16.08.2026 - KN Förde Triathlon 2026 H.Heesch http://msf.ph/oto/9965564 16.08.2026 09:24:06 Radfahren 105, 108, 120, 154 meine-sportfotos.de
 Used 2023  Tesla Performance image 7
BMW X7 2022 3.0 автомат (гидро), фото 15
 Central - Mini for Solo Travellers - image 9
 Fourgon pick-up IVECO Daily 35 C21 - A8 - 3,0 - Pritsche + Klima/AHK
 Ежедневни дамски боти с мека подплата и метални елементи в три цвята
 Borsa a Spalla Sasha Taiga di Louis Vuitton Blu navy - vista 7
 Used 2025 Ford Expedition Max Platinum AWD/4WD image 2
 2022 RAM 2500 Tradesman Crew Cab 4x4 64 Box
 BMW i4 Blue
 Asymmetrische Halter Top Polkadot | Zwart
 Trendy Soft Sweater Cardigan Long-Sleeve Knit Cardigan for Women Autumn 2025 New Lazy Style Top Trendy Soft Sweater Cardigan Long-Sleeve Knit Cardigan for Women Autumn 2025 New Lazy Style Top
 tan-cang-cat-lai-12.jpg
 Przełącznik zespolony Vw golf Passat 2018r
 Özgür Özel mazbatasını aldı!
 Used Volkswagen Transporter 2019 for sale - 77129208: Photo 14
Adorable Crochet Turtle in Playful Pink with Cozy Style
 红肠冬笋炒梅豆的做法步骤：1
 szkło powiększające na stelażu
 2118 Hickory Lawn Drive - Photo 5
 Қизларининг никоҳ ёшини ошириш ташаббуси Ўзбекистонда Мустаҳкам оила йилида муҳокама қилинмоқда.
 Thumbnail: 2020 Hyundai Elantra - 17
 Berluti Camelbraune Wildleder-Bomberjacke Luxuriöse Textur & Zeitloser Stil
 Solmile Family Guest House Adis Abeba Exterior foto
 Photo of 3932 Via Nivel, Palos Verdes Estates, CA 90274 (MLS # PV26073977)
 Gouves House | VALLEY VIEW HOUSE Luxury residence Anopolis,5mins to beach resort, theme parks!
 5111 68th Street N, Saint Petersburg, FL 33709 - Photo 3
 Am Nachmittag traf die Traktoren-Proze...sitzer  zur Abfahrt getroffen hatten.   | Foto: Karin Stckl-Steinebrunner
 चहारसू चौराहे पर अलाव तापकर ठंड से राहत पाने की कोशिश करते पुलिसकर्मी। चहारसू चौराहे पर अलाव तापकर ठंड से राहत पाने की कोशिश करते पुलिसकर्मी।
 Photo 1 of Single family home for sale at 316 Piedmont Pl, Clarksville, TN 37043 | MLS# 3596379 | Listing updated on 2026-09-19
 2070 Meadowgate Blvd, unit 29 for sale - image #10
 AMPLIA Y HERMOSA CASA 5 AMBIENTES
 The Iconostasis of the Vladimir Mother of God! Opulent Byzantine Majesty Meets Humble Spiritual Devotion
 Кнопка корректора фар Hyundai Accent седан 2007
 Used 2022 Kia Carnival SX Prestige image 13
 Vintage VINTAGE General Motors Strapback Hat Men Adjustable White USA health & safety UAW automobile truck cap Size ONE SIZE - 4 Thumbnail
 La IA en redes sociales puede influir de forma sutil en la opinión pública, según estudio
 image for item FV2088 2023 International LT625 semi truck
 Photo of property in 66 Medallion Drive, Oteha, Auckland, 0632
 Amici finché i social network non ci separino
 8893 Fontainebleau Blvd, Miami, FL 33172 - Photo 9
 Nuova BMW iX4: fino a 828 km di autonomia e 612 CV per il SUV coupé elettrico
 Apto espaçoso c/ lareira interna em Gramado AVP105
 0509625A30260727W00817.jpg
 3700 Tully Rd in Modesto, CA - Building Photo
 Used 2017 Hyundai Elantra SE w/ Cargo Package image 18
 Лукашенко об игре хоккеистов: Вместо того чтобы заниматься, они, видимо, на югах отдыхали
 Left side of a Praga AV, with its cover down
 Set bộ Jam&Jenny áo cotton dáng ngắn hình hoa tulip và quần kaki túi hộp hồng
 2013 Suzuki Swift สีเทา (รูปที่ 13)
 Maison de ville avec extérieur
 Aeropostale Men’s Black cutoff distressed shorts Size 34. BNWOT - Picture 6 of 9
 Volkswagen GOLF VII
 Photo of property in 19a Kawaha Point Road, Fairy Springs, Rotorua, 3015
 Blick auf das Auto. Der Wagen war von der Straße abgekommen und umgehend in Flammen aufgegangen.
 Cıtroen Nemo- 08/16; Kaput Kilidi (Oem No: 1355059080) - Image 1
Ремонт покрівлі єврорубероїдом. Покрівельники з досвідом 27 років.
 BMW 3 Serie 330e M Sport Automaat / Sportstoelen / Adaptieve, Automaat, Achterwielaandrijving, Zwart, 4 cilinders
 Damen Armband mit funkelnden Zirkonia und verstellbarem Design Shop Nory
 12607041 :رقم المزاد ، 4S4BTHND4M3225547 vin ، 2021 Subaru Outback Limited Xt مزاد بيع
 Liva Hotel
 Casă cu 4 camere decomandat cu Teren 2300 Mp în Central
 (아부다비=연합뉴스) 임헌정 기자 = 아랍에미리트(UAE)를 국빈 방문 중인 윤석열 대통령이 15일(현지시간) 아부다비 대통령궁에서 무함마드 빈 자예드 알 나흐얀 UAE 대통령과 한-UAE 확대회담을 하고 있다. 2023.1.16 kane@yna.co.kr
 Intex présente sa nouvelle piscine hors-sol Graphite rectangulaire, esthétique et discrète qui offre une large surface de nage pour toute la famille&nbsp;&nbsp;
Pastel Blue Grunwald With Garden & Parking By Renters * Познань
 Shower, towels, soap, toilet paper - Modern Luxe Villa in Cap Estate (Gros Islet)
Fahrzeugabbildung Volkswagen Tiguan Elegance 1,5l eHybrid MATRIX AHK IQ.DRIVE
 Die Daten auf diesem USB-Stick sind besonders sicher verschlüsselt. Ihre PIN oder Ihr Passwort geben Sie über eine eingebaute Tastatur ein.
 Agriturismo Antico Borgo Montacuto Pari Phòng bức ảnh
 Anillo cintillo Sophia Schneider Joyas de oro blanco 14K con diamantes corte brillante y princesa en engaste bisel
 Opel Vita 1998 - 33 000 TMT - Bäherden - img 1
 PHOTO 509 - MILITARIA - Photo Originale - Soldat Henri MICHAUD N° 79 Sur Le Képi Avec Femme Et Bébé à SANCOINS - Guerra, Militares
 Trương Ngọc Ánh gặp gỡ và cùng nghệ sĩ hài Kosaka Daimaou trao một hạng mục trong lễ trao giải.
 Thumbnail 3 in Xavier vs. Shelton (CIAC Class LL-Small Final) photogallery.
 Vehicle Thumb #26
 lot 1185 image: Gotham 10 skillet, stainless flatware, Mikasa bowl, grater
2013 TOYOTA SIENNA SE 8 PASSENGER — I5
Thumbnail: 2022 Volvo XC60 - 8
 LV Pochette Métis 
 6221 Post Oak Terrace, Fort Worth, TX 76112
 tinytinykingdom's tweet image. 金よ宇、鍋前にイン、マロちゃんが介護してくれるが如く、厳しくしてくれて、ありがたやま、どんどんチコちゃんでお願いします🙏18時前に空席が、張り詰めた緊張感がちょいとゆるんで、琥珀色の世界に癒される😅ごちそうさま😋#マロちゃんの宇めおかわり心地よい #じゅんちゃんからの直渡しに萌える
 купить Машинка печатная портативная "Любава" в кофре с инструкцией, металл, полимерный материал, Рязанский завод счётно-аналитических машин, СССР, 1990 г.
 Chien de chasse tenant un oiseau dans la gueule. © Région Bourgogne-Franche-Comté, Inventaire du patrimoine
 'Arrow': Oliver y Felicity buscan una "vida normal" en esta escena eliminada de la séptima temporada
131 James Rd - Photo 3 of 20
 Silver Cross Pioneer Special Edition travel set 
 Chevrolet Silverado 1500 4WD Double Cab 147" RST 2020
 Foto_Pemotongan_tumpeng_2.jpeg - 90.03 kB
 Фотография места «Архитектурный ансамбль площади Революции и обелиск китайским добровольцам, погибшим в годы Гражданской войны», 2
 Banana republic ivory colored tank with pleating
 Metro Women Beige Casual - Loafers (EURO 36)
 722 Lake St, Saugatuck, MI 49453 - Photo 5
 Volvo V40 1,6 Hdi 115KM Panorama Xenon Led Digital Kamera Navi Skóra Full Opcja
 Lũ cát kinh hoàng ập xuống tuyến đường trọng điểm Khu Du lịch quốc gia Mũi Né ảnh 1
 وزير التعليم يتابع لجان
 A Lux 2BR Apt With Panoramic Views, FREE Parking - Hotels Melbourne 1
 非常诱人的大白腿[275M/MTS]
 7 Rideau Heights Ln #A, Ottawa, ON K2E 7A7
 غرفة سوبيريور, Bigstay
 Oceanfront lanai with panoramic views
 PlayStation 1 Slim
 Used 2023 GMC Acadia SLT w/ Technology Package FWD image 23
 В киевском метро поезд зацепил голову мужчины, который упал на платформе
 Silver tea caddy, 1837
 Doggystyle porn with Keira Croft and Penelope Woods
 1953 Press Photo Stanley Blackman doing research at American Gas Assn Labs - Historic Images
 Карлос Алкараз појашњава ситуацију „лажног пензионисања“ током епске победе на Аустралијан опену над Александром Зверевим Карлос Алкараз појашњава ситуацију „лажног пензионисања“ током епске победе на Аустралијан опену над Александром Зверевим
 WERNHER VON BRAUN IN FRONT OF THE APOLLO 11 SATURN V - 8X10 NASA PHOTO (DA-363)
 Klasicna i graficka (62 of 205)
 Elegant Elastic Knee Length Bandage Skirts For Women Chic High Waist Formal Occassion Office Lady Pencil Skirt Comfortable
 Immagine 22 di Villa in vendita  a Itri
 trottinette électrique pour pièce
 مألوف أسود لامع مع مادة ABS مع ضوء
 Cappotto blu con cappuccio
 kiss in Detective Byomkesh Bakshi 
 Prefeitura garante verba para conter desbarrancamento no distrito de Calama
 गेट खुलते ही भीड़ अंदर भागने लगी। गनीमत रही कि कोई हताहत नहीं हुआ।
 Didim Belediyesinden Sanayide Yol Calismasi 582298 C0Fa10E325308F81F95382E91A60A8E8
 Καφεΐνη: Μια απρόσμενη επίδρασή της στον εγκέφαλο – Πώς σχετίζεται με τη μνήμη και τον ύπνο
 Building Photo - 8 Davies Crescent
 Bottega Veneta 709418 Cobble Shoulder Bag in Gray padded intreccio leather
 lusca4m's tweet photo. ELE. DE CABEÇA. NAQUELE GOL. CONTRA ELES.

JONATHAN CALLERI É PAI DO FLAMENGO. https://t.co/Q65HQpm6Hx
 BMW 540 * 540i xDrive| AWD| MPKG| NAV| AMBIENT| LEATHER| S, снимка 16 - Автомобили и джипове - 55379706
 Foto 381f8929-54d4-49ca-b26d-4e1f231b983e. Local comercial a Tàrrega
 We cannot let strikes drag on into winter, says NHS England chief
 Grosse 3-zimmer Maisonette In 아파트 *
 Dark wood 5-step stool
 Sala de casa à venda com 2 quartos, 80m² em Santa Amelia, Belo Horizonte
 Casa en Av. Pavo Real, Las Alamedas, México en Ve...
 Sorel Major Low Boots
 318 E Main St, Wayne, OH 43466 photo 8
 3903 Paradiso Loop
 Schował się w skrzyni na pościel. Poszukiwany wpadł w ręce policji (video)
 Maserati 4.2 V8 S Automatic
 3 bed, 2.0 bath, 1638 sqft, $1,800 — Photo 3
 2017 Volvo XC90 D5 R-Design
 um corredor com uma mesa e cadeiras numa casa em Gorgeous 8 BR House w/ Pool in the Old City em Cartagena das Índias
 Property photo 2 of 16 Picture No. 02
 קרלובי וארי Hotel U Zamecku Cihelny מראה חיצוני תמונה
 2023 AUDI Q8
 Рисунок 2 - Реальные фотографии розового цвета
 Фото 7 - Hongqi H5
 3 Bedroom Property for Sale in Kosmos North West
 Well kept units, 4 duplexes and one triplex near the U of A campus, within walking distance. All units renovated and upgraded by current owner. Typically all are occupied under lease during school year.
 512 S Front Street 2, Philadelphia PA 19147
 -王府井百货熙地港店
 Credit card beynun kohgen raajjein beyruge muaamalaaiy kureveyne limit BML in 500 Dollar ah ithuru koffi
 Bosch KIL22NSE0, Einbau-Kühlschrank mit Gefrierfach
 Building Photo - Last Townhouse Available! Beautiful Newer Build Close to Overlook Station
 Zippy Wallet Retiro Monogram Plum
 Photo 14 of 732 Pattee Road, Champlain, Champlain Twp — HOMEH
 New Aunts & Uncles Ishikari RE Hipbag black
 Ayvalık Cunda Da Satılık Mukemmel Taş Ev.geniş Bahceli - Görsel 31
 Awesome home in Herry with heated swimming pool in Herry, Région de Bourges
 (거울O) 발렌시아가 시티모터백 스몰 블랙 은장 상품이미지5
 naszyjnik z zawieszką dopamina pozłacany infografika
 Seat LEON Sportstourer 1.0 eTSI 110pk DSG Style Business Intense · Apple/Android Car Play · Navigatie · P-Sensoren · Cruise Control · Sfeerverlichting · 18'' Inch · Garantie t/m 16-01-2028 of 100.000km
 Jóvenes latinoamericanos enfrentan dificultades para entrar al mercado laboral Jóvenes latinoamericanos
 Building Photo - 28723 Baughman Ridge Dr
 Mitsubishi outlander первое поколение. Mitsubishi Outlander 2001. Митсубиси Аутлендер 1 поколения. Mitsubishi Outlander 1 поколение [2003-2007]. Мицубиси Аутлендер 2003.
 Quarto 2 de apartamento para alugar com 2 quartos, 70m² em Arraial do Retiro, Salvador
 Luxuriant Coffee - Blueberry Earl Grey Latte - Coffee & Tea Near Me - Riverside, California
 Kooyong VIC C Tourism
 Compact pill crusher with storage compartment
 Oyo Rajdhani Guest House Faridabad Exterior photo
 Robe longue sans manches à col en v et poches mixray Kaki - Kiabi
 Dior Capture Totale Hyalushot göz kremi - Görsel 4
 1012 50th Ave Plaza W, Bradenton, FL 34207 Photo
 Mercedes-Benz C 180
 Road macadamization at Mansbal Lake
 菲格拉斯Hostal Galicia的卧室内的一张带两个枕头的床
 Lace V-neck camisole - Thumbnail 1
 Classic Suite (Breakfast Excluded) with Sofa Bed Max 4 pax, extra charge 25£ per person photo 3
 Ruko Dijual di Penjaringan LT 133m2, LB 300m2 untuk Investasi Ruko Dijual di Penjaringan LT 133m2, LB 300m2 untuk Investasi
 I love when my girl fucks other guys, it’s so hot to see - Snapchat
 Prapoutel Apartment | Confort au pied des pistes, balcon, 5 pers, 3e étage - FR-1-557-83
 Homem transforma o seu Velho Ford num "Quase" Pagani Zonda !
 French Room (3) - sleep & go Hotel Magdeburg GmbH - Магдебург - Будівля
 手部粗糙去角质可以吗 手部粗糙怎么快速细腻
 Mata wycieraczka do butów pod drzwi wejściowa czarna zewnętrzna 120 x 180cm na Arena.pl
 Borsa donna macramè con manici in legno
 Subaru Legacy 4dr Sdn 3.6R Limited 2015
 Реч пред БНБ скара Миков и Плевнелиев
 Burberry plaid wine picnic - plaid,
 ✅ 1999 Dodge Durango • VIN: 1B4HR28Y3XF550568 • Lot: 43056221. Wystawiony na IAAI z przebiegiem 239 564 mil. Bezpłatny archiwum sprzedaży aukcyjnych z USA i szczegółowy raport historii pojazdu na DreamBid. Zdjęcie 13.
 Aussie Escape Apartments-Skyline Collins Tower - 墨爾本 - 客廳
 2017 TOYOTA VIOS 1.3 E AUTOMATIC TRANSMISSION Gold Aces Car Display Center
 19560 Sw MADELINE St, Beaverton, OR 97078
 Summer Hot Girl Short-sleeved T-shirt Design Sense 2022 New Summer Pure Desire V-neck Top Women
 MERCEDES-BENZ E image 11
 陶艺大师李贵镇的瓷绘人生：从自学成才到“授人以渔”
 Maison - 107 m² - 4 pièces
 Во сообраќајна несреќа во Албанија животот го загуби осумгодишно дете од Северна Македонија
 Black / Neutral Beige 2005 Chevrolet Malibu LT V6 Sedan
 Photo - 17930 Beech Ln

PROBLEM:
Give back exactly the lines above, from the line containing "Fahrzeugabbildung Volkswagen Tiguan" through the line containing "131 James Rd - Photo 3 of 20", with both end lines and nothing more.

REPLY:
Fahrzeugabbildung Volkswagen Tiguan Elegance 1,5l eHybrid MATRIX AHK IQ.DRIVE
 Die Daten auf diesem USB-Stick sind besonders sicher verschlüsselt. Ihre PIN oder Ihr Passwort geben Sie über eine eingebaute Tastatur ein.
 Agriturismo Antico Borgo Montacuto Pari Phòng bức ảnh
 Anillo cintillo Sophia Schneider Joyas de oro blanco 14K con diamantes corte brillante y princesa en engaste bisel
 Opel Vita 1998 - 33 000 TMT - Bäherden - img 1
 PHOTO 509 - MILITARIA - Photo Originale - Soldat Henri MICHAUD N° 79 Sur Le Képi Avec Femme Et Bébé à SANCOINS - Guerra, Militares
 Trương Ngọc Ánh gặp gỡ và cùng nghệ sĩ hài Kosaka Daimaou trao một hạng mục trong lễ trao giải.
 Thumbnail 3 in Xavier vs. Shelton (CIAC Class LL-Small Final) photogallery.
 Vehicle Thumb #26
 lot 1185 image: Gotham 10 skillet, stainless flatware, Mikasa bowl, grater
2013 TOYOTA SIENNA SE 8 PASSENGER — I5
Thumbnail: 2022 Volvo XC60 - 8
 LV Pochette Métis 
 6221 Post Oak Terrace, Fort Worth, TX 76112
 tinytinykingdom's tweet image. 金よ宇、鍋前にイン、マロちゃんが介護してくれるが如く、厳しくしてくれて、ありがたやま、どんどんチコちゃんでお願いします🙏18時前に空席が、張り詰めた緊張感がちょいとゆるんで、琥珀色の世界に癒される😅ごちそうさま😋#マロちゃんの宇めおかわり心地よい #じゅんちゃんからの直渡しに萌える
 купить Машинка печатная портативная "Любава" в кофре с инструкцией, металл, полимерный материал, Рязанский завод счётно-аналитических машин, СССР, 1990 г.
 Chien de chasse tenant un oiseau dans la gueule. © Région Bourgogne-Franche-Comté, Inventaire du patrimoine
 'Arrow': Oliver y Felicity buscan una "vida normal" en esta escena eliminada de la séptima temporada
131 James Rd - Photo 3 of 20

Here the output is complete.